:: Information shown

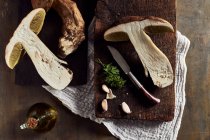 Vista dall'alto dei funghi Boletus edulis tagliati crudi su tagliere di legno con aglio e prezzemolo in cucina leggera durante il processo di cottura — Foto stock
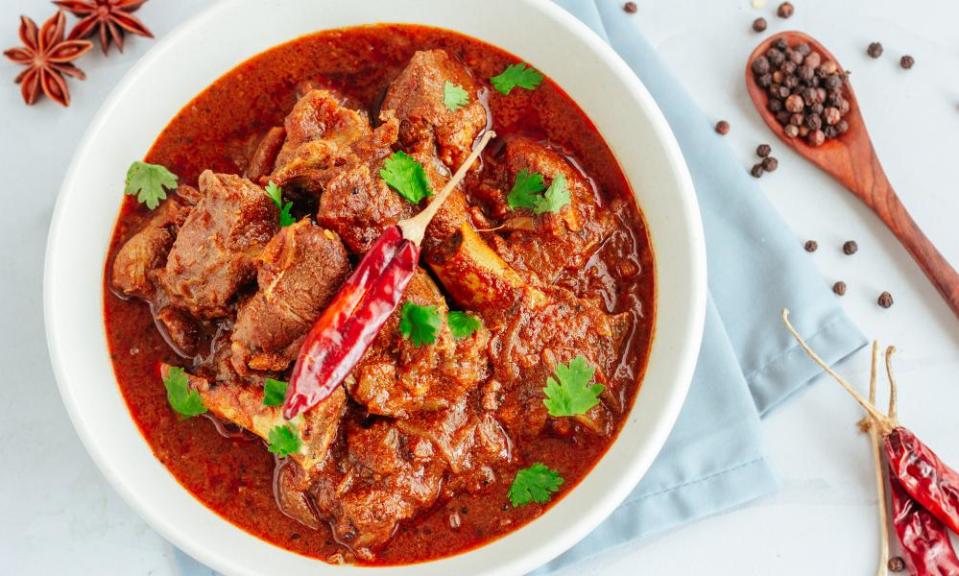 Authentic lamb Vindaloo traditional fiery red Goan curry of lamb.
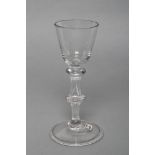 A WINE GLASS, c.1730, the round funnel bowl on a triple knopped balustroid stem and conical folded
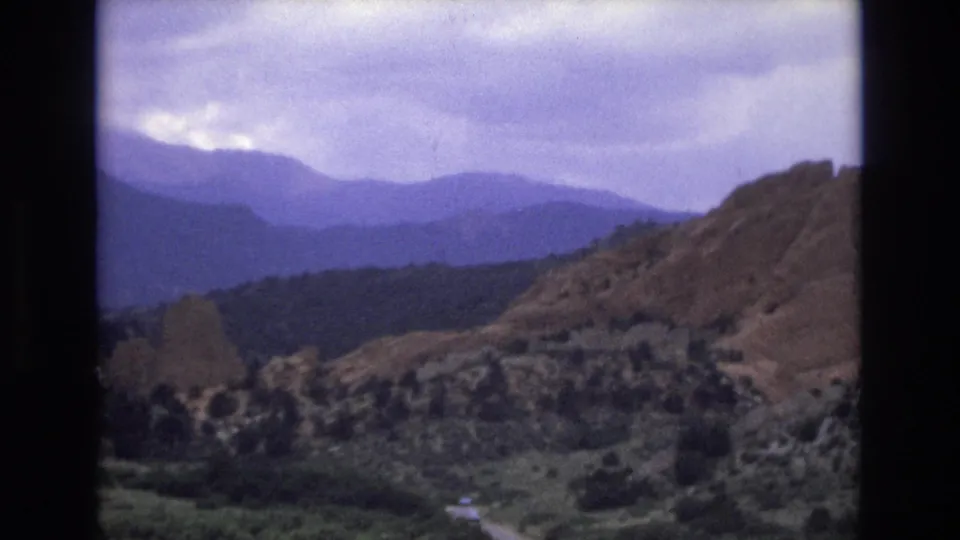 1973 Colorado home-movie still with rocky hillside in the foreground, wooded valley floor, and blue mountain ranges fading into a cloudy sky.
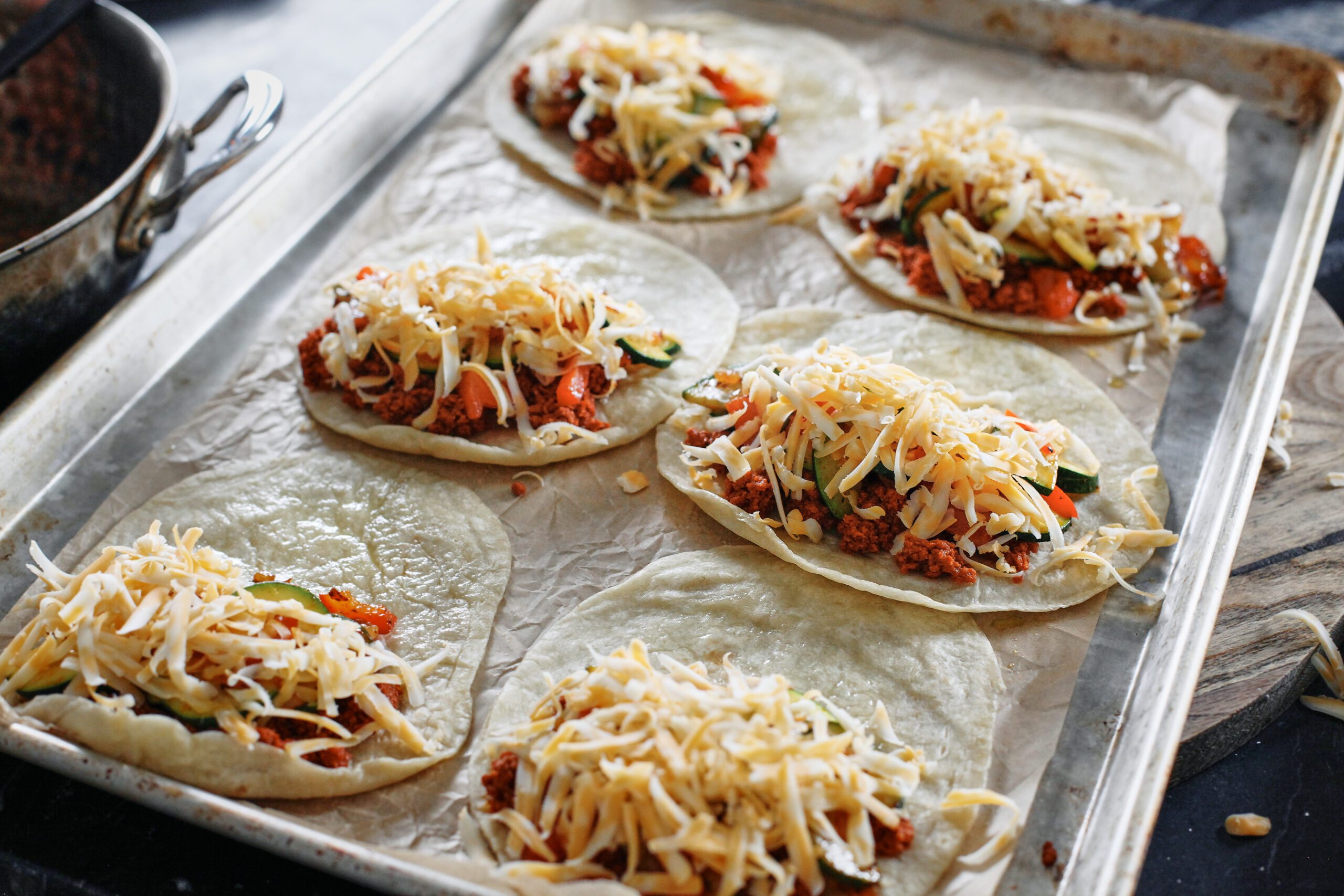 chorizo, veggies, and cheese loaded onto one half of each tortilla (6 tortillas on a sheet pan)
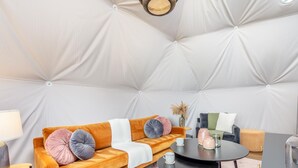Et værelse med en polstret sofa, et rundt bord og en hængende lampe.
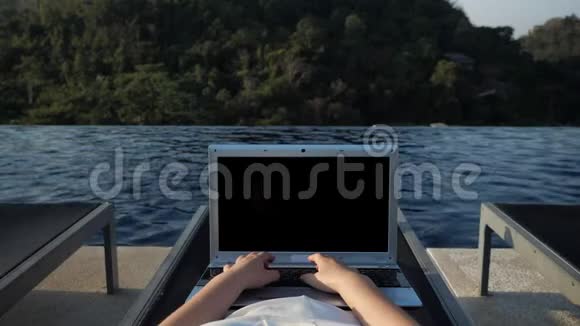 双手在泳池边休息女人的文字在笔记本电脑上靠山视频的预览图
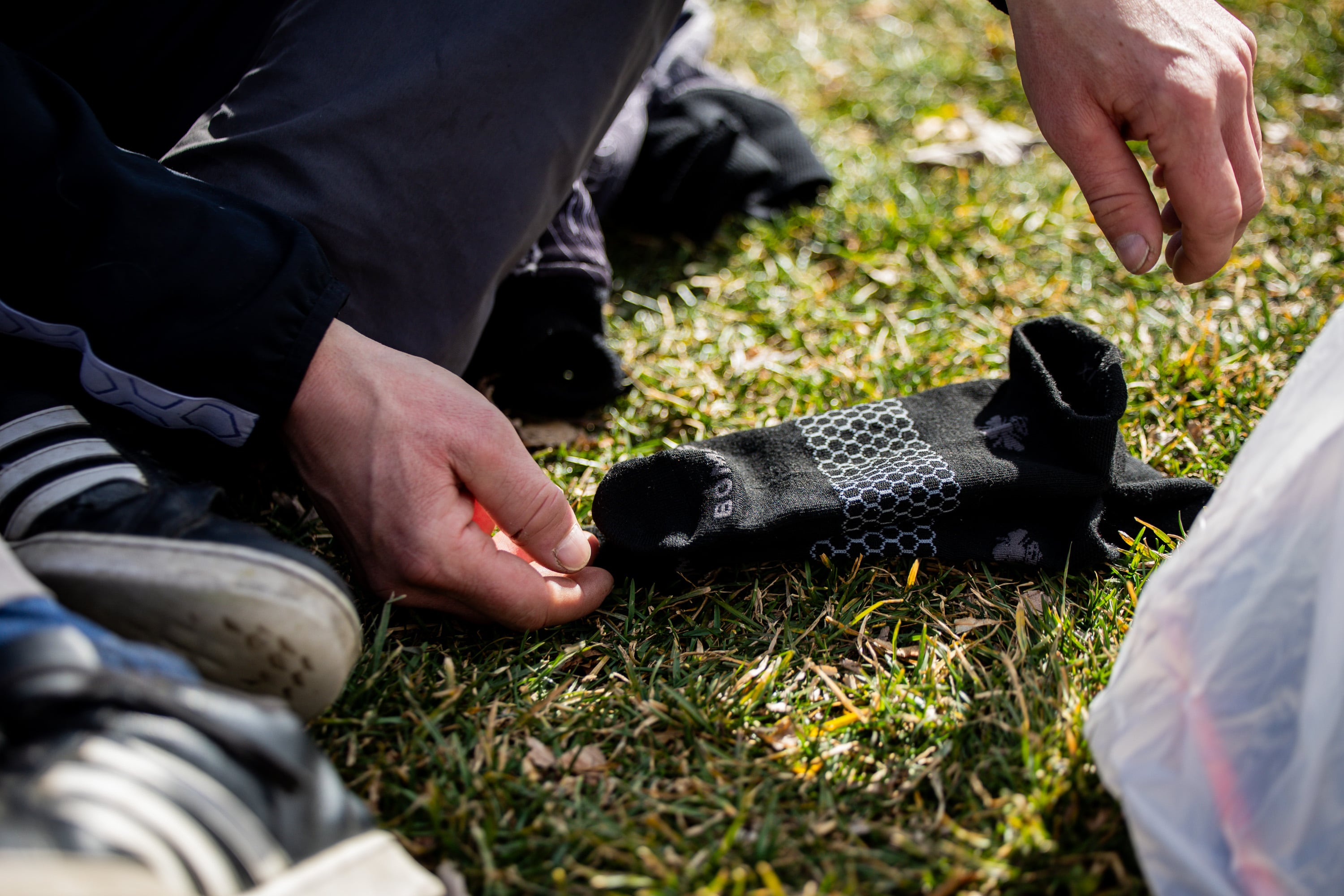 Edwin Mangum, a person experiencing homelessness, lays out his socks at Pioneer Park in Salt Lake City on Feb. 3, 2026.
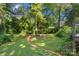 Secluded backyard featuring a grass lawn and surrounding mature trees that provide ample shade at 6632 Candlewood Dr, Charlotte, NC 28210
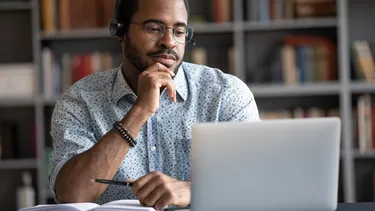 A young man sits in front of his laptop and learns German. 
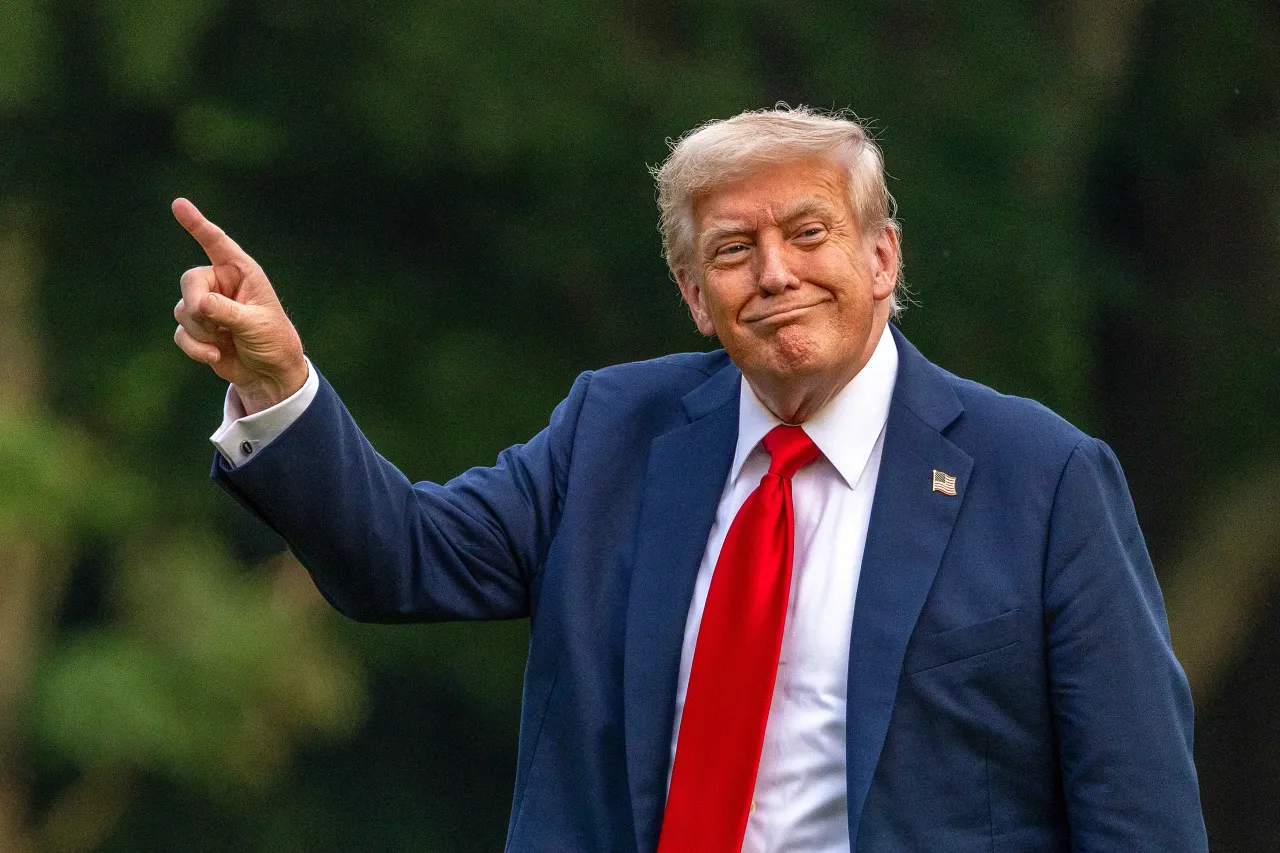 U.S. President Donald Trump walks on the south lawn of the White House and points up at the new flag on July 13, 2025 in Washington, DC. (Photo by Tasos Katopodis/Getty Images)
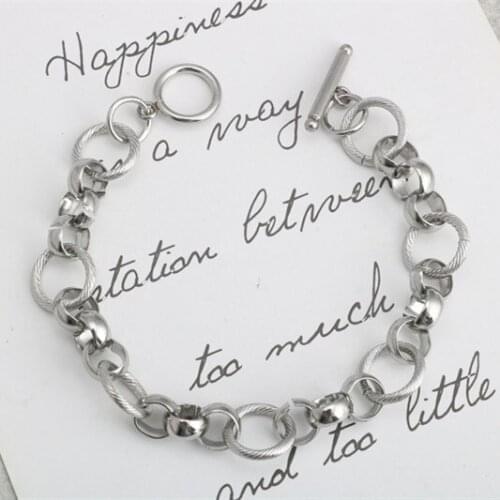 Fashion hand-made fancy OT buckle stainless steel O word men and women titanium steel word buckle bracelet hot sale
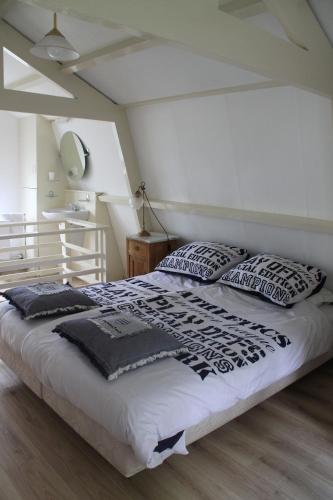 a bedroom with a large bed with black and white pillows at Summerhouse Zandvoort in Zandvoort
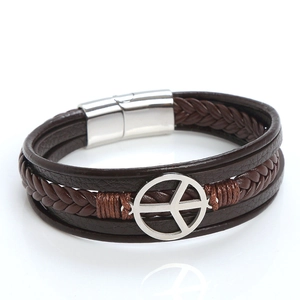 Close-up of brown multilayer leather bracelet with silver peace symbol and magnetic clasp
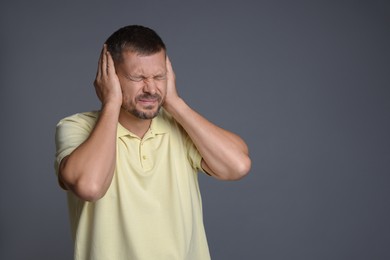 Photo of Man covering his ears on grey background, space for text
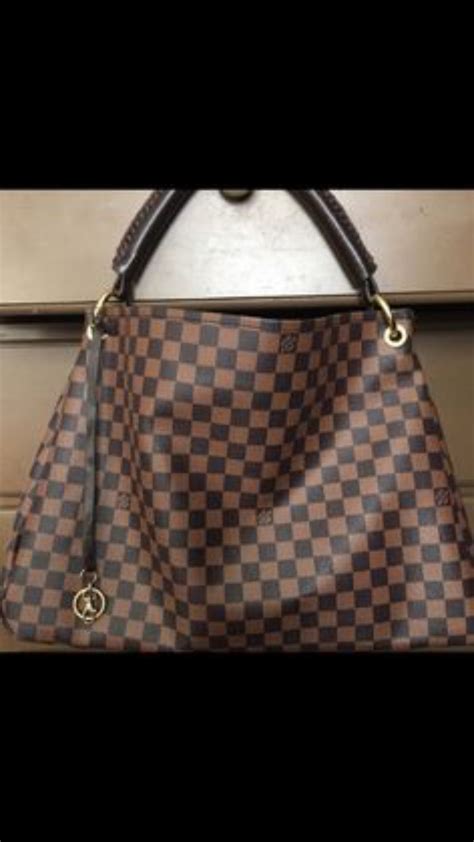 lv artsy damier ebene|damier ebene logo.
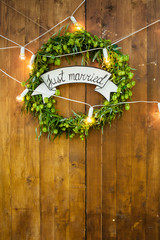 wooden wall and hop wreath with text Just married. Photosession zone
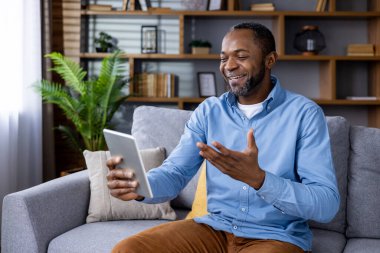 Rahat giysiler içinde gülümseyen adam rahat oturma odasında kanepede otururken tablette arkadaşça görüntülü bir sohbet yapıyor. Görüntü, iletişim ve teknoloji kavramlarını iletir..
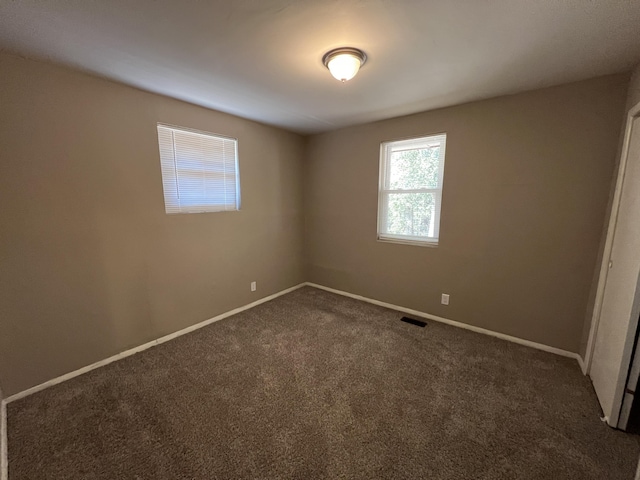 spare room with dark carpet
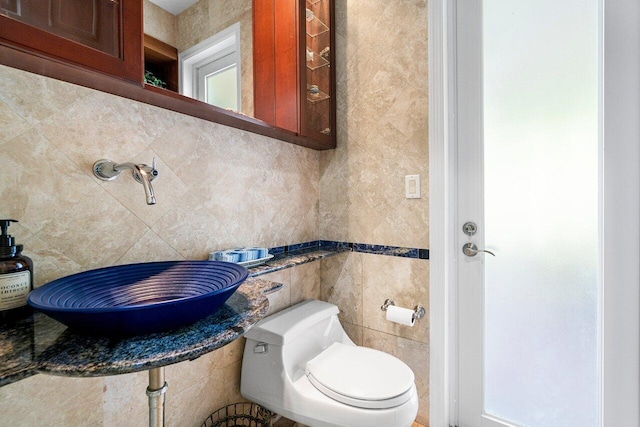 bathroom featuring sink, tile walls, and toilet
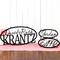 Hanging oval family name, child name, and established metal signs, in matte black powder coat.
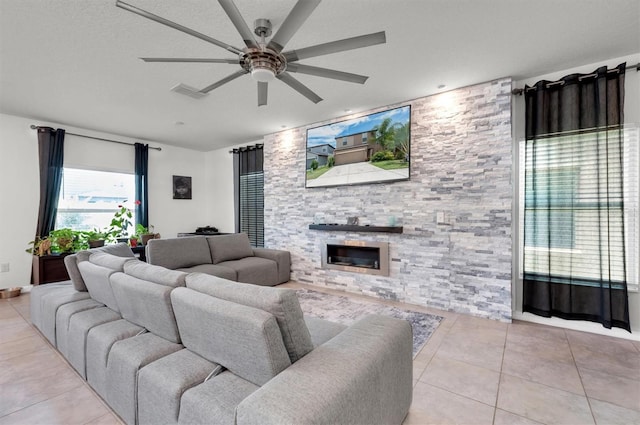 living room with a stone fireplace, ceiling fan, light tile patterned flooring, and a textured ceiling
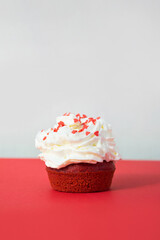 Valentine's greeting card. Red velvet cupcake with hearts shaped sprinkles on red and gray background. Festive tasty dessert for romantic date.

::::

(Task objective): Exact copy required, pictures excluded: the lines from the one holding "Secluded backyard featuring" through the last line of the data, both ends included.

(Final answer):
 Secluded backyard featuring a grass lawn and surrounding mature trees that provide ample shade at 6632 Candlewood Dr, Charlotte, NC 28210
 A young man sits in front of his laptop and learns German. 
 U.S. President Donald Trump walks on the south lawn of the White House and points up at the new flag on July 13, 2025 in Washington, DC. (Photo by Tasos Katopodis/Getty Images)
 Fashion hand-made fancy OT buckle stainless steel O word men and women titanium steel word buckle bracelet hot sale
 a bedroom with a large bed with black and white pillows at Summerhouse Zandvoort in Zandvoort
 Close-up of brown multilayer leather bracelet with silver peace symbol and magnetic clasp
 Photo of Man covering his ears on grey background, space for text
 lv artsy damier ebene|damier ebene logo.
 wooden wall and hop wreath with text Just married. Photosession zone
 Rahat giysiler içinde gülümseyen adam rahat oturma odasında kanepede otururken tablette arkadaşça görüntülü bir sohbet yapıyor. Görüntü, iletişim ve teknoloji kavramlarını iletir..
 spare room with dark carpet
 bathroom featuring sink, tile walls, and toilet
 Hanging oval family name, child name, and established metal signs, in matte black powder coat.
 living room with a stone fireplace, ceiling fan, light tile patterned flooring, and a textured ceiling
 Valentine's greeting card. Red velvet cupcake with hearts shaped sprinkles on red and gray background. Festive tasty dessert for romantic date.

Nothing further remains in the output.